Z Legią Warszawa przegrali 2:1. Dla Legii strzelali Ziółkowski (21) i Wszołek (81), a dla Stali Esselink (68).
W meczu z IF Elfsborg drużyna z Mielca wyszła zwycięsko z wynikiem 0-2. Do bramki trafiali Dadok (10) i Wlazło (37).
Janusz Niedźwiedź, zapytany o ocenę obozu przygotowawczego, powiedział:
„Wszystko, co chcieliśmy zrealizować, z racji bardzo dobrej pogody i tego, że ani przez jeden dzień nie mieliśmy nawet wątpliwości, że wyjdziemy na trening i będziemy mogli trenować. Więc tutaj nie było to na tyle skomplikowane, żeby wiedząc, że mamy do dyspozycji za każdym razem boisko, zrobić to, co sobie założyliśmy od samego początku do końca”.

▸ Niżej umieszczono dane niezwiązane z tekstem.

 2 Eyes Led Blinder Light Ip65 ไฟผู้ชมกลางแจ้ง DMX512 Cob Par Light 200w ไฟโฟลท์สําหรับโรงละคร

Wypowiedź o atutach na wiosnę:
„Mam nadzieję, że wiele rzeczy. Nasza gra ofensywna, która przynosi nam bardzo dużo sytuacji – jeszcze nie finalizujemy, nawet w sparingu z Piastem, tych sytuacji, a było ich naprawdę sporo i można było pokusić się o kilka bramek więcej. Tak samo w poprzednim meczu z Legią czy z Elfsborgiem, w którym też tych sytuacji nie brakowało. Mam nadzieję, że będziemy szczelniejsi w defensywie, tak jak w meczu z Elfsborgiem, że będziemy naszą grę kontynuować. Tak naprawdę nasz model jest jasny, tutaj ta ścieżka jest wytyczona bardzo klarownie, więc nią podążamy i chcemy w ten sposób grać na swoich zasadach, na swoich warunkach podczas meczów”.